:: STUDY MATERIAL ::

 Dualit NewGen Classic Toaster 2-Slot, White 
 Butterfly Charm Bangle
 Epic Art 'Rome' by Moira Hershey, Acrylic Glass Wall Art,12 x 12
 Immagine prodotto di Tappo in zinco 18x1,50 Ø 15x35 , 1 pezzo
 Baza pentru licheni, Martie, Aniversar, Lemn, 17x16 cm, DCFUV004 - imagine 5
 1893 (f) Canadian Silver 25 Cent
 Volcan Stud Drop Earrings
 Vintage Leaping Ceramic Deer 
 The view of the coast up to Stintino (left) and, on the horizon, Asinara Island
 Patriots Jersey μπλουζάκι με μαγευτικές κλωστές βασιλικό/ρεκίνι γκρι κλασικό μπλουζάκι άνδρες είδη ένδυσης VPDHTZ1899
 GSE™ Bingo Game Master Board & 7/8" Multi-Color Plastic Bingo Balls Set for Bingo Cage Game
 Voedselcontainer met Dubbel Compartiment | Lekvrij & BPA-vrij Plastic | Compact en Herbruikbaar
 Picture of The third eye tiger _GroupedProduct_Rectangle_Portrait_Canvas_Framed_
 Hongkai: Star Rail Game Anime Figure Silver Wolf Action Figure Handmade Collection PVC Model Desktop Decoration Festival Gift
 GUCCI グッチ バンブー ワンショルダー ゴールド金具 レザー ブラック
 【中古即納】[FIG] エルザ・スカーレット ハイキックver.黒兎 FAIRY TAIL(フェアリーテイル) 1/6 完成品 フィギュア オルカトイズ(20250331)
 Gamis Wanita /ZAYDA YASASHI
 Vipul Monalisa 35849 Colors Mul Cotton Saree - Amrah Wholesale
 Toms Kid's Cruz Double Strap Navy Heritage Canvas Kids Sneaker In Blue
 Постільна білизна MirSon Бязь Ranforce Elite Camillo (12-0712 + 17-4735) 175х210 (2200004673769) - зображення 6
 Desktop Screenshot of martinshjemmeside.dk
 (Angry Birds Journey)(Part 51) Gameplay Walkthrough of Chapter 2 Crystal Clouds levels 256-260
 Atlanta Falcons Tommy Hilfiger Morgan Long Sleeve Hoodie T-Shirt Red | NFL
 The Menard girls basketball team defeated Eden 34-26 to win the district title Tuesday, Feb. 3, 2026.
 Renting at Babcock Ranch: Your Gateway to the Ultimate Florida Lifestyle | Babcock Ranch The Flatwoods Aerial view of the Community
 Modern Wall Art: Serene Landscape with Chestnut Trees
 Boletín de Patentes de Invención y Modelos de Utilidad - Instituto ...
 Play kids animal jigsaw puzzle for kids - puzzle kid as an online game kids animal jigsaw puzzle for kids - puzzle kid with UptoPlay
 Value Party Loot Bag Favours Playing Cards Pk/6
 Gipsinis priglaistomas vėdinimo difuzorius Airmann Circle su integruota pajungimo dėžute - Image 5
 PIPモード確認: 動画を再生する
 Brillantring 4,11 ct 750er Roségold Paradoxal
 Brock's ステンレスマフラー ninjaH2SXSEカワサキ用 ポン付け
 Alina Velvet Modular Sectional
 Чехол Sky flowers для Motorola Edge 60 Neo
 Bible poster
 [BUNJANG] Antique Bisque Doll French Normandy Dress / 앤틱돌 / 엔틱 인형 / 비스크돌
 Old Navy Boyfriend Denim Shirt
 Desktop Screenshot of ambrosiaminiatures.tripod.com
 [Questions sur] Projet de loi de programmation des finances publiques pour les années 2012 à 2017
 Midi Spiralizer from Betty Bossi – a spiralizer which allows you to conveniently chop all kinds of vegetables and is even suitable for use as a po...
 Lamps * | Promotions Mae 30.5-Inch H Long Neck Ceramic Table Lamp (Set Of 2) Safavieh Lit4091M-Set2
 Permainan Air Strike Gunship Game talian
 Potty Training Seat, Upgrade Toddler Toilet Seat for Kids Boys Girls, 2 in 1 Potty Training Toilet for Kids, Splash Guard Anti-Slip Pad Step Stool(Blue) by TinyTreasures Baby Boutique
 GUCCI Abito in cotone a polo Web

:::

◆ **WORK TASK**: Go to the line with "Atlanta Falcons Tommy" in the entries above and repeat every line from there through the line with "Permainan Air Strike Gunship Game talian", exactly and with no other text.

◆ **RESULT OF THIS TASK**:
 Atlanta Falcons Tommy Hilfiger Morgan Long Sleeve Hoodie T-Shirt Red | NFL
 The Menard girls basketball team defeated Eden 34-26 to win the district title Tuesday, Feb. 3, 2026.
 Renting at Babcock Ranch: Your Gateway to the Ultimate Florida Lifestyle | Babcock Ranch The Flatwoods Aerial view of the Community
 Modern Wall Art: Serene Landscape with Chestnut Trees
 Boletín de Patentes de Invención y Modelos de Utilidad - Instituto ...
 Play kids animal jigsaw puzzle for kids - puzzle kid as an online game kids animal jigsaw puzzle for kids - puzzle kid with UptoPlay
 Value Party Loot Bag Favours Playing Cards Pk/6
 Gipsinis priglaistomas vėdinimo difuzorius Airmann Circle su integruota pajungimo dėžute - Image 5
 PIPモード確認: 動画を再生する
 Brillantring 4,11 ct 750er Roségold Paradoxal
 Brock's ステンレスマフラー ninjaH2SXSEカワサキ用 ポン付け
 Alina Velvet Modular Sectional
 Чехол Sky flowers для Motorola Edge 60 Neo
 Bible poster
 [BUNJANG] Antique Bisque Doll French Normandy Dress / 앤틱돌 / 엔틱 인형 / 비스크돌
 Old Navy Boyfriend Denim Shirt
 Desktop Screenshot of ambrosiaminiatures.tripod.com
 [Questions sur] Projet de loi de programmation des finances publiques pour les années 2012 à 2017
 Midi Spiralizer from Betty Bossi – a spiralizer which allows you to conveniently chop all kinds of vegetables and is even suitable for use as a po...
 Lamps * | Promotions Mae 30.5-Inch H Long Neck Ceramic Table Lamp (Set Of 2) Safavieh Lit4091M-Set2
 Permainan Air Strike Gunship Game talian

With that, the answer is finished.